:: ABOUT THIS EXERCISE ::
Exact transcription, pictures omitted: begin at the top line of the records below and end with the line bearing "Fashion Ladies Watch".

:: AVAILABLE DATA ::
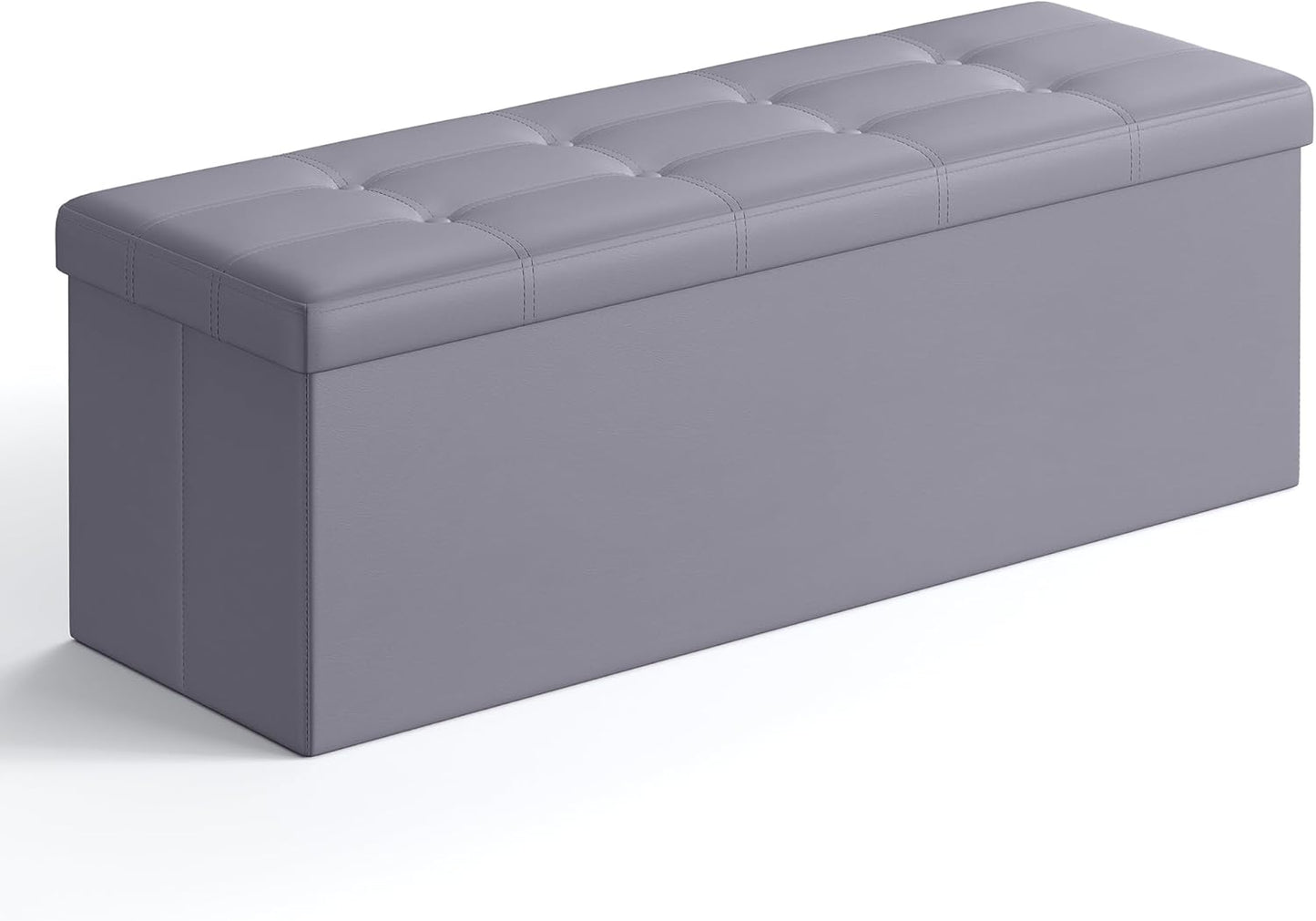 MAZIE Collection - 43 Inches Folding Storage Ottoman Bench, Ottoman with Storage, Foot Rest Stool, Load 660 Lb, for Living Room, Synthetic Leather, Black ULSF701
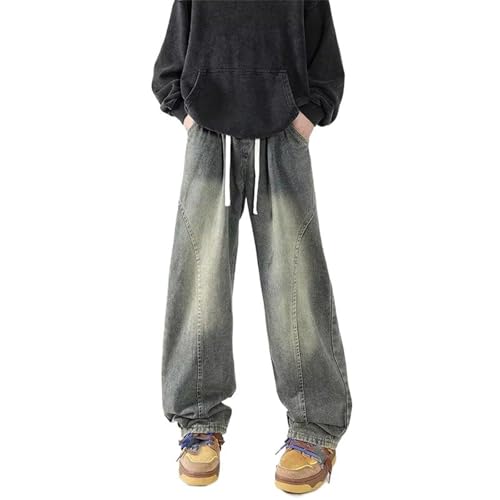Men's American Retro Denim Summer Thin Straight-Leg Loose Wide-Leg Casual Long Pants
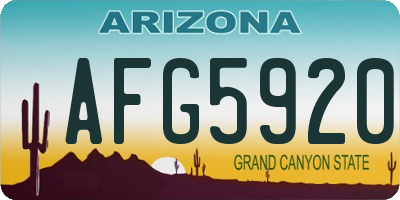 AZ license plate AFG5920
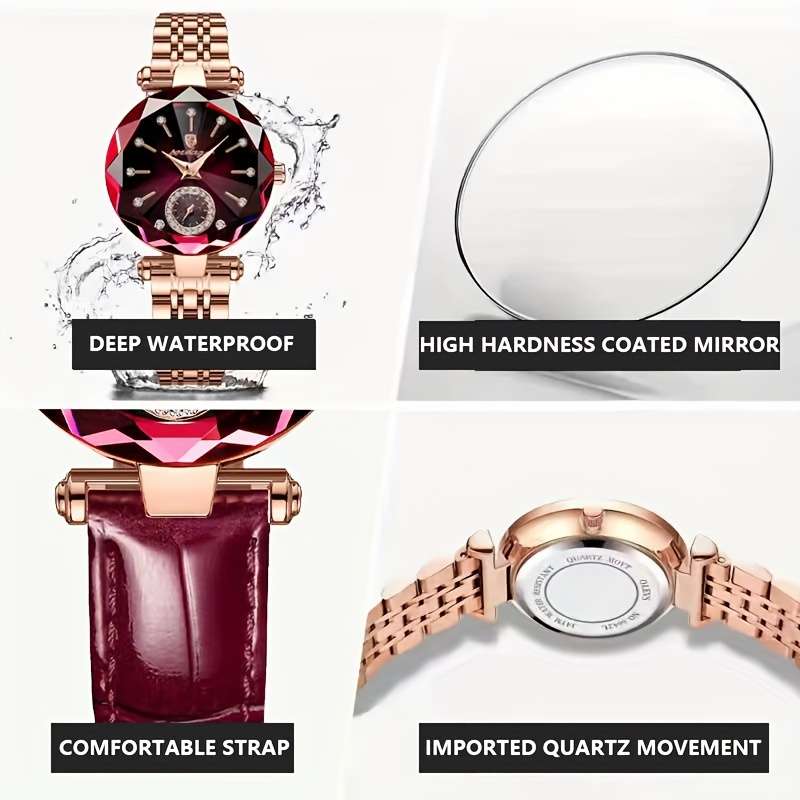 POEDAGAR 2024 Trendy Quartz Ladies Wristwatch with Band and Round Case - Image 2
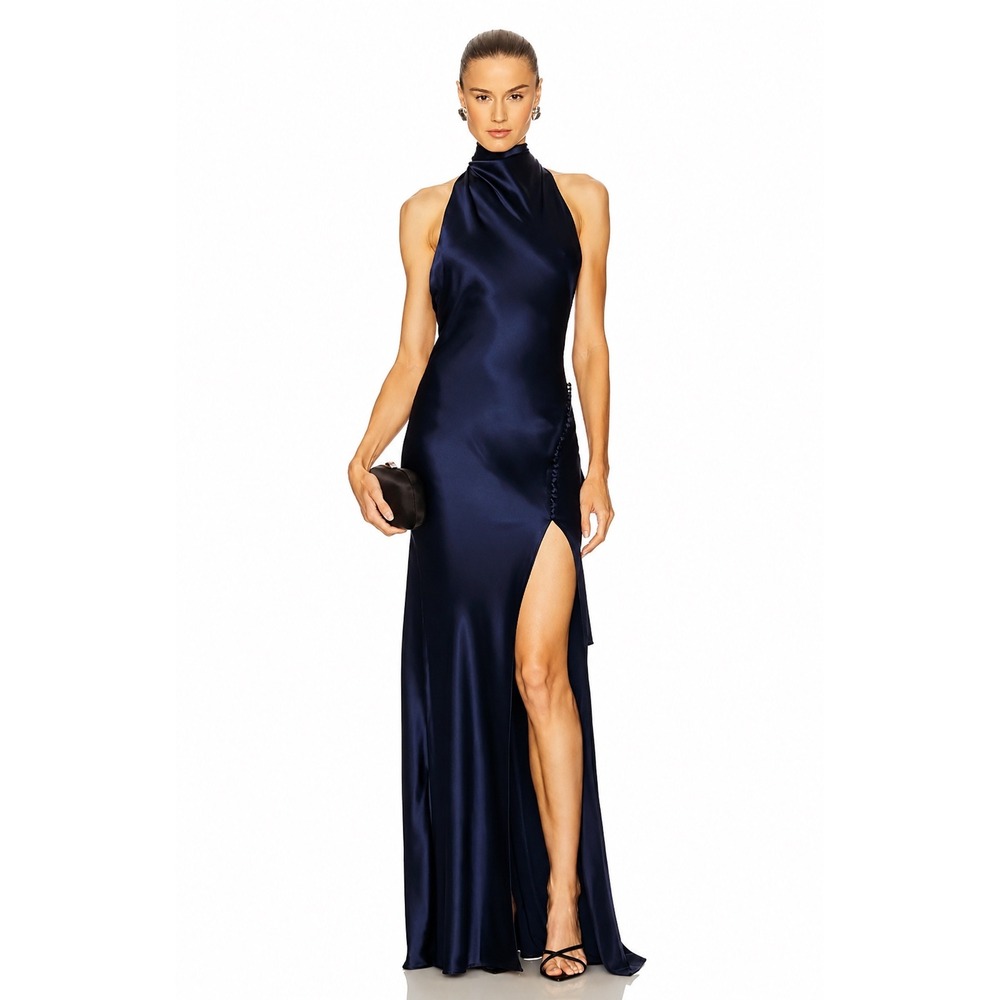 SAU LEE Women's Penelope Backless Satin Halter Gown Navy Size 14 Wedding Guest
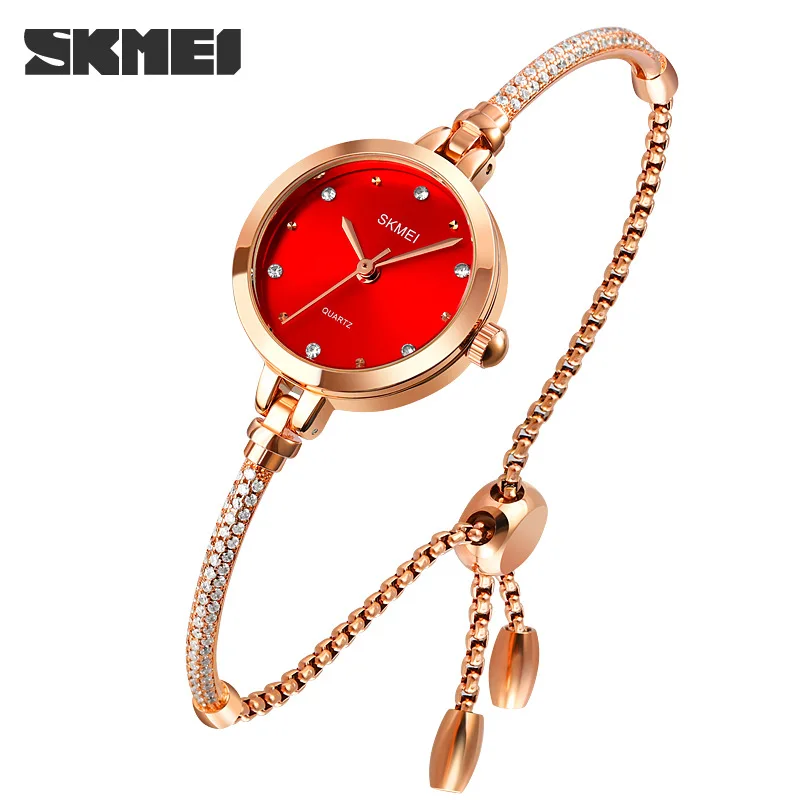 Fashion Ladies Watch with Slim Chain Bracelet, Small Face Steel Band Quartz Watch Cross-Border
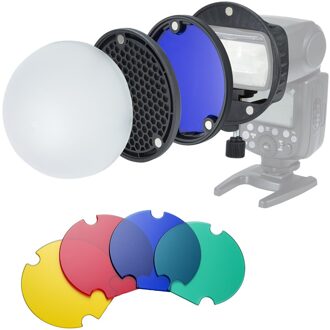 Camllite Camera Flash Magnetische Mount Diffuser Bal Honingraat Reflector Kleur Gel Filter Voor Canon Nikon Sony Yongnuo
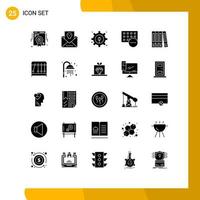 25 User Interface Solid Glyph Pack of modern Signs and Symbols of file hardware mail gadget computers Editable Vector Design Elements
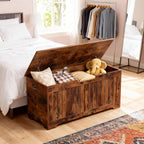 Wooden Storage Chest,30/40 Inch Storage Trunk w/2 Safety Hinges, Storage Bench, Modern Lift Top Chest Box Organizer (Rustic Brown, 40 Lx 15.7 W x19 H Inch)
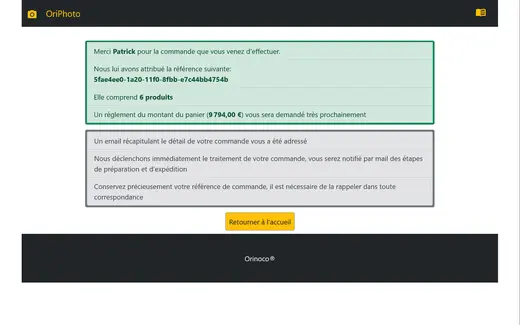 Projet Orinoco, aperçu de la confirmation de commande sur desktop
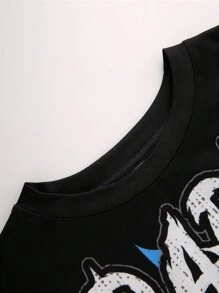 SHEIN Leap Crew 2 件套青少年男孩休闲短袖 T 恤和短裤套装，街头朋克摇滚风格，适合春夏季，黑色骷髅英文印花 - 黑色 - 查看 8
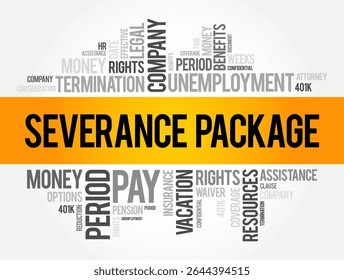 Severance Package is the compensation and benefits an employee receives from an employer when their job ends involuntarily, word cloud concept background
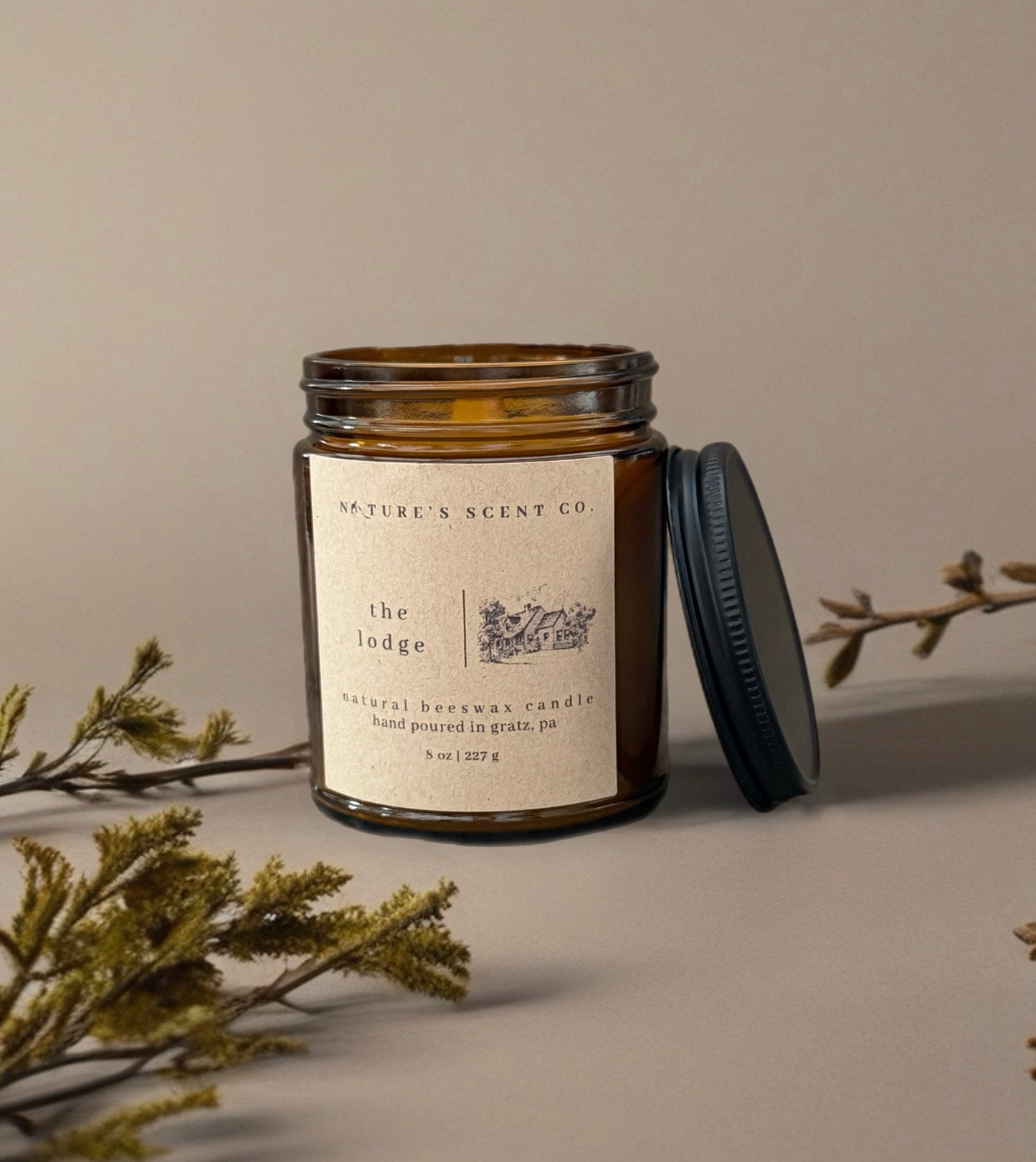 The Lodge Amber  Beeswax Candle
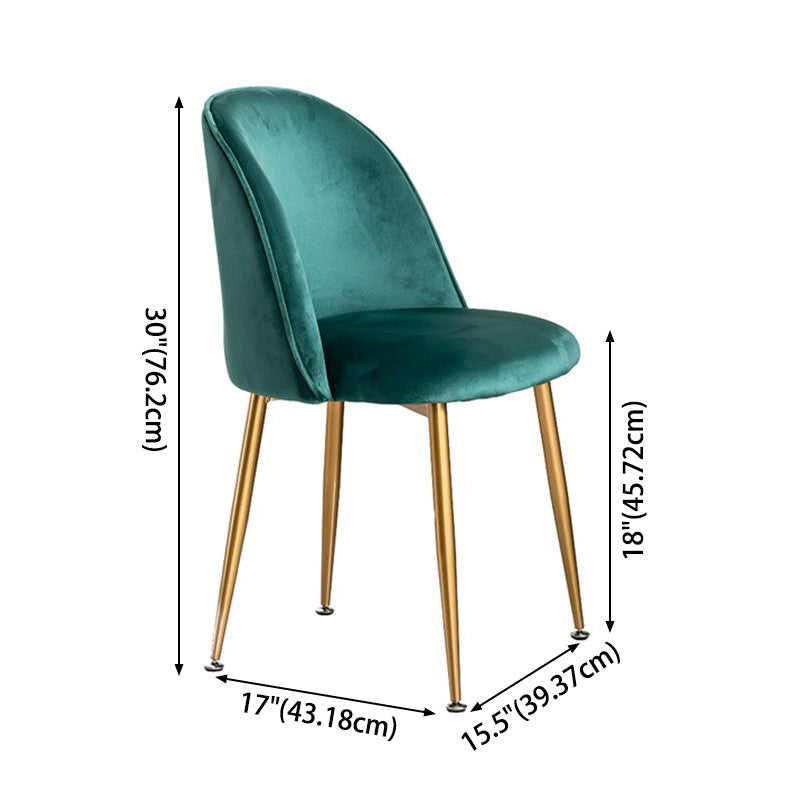 Glam Dining Side Chairs for Home Use Cushioned Armless Chair with Gold Legs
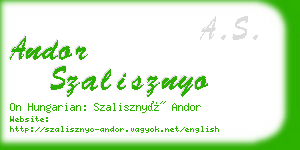 andor szalisznyo business card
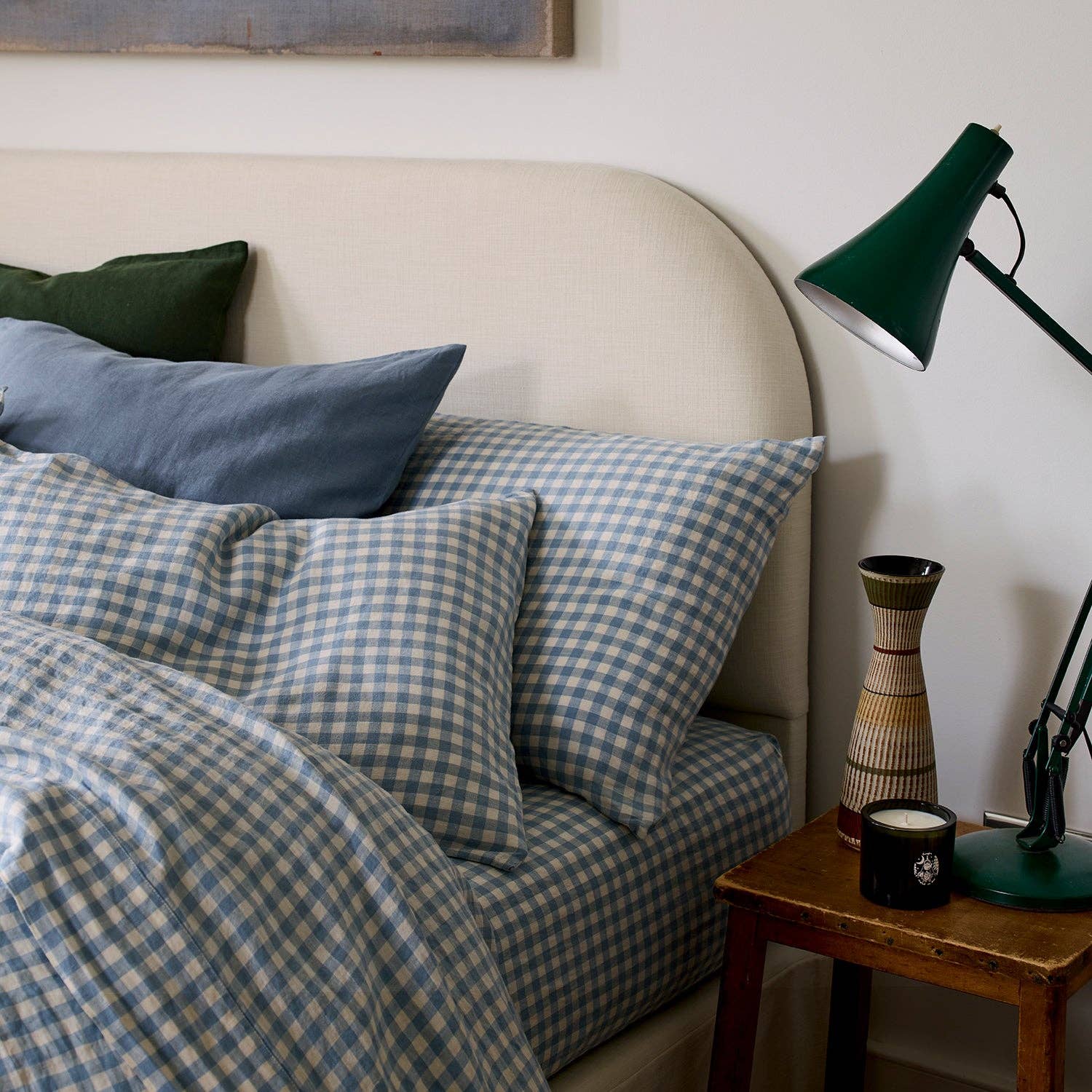 PRE ORDER | Warm Blue Gingham Linen Blend Pillowcase (Pair)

:: TASK ANSWER ::
 MAZIE Collection - 43 Inches Folding Storage Ottoman Bench, Ottoman with Storage, Foot Rest Stool, Load 660 Lb, for Living Room, Synthetic Leather, Black ULSF701
Men's American Retro Denim Summer Thin Straight-Leg Loose Wide-Leg Casual Long Pants
 AZ license plate AFG5920
 POEDAGAR 2024 Trendy Quartz Ladies Wristwatch with Band and Round Case - Image 2
 SAU LEE Women's Penelope Backless Satin Halter Gown Navy Size 14 Wedding Guest
 Fashion Ladies Watch with Slim Chain Bracelet, Small Face Steel Band Quartz Watch Cross-Border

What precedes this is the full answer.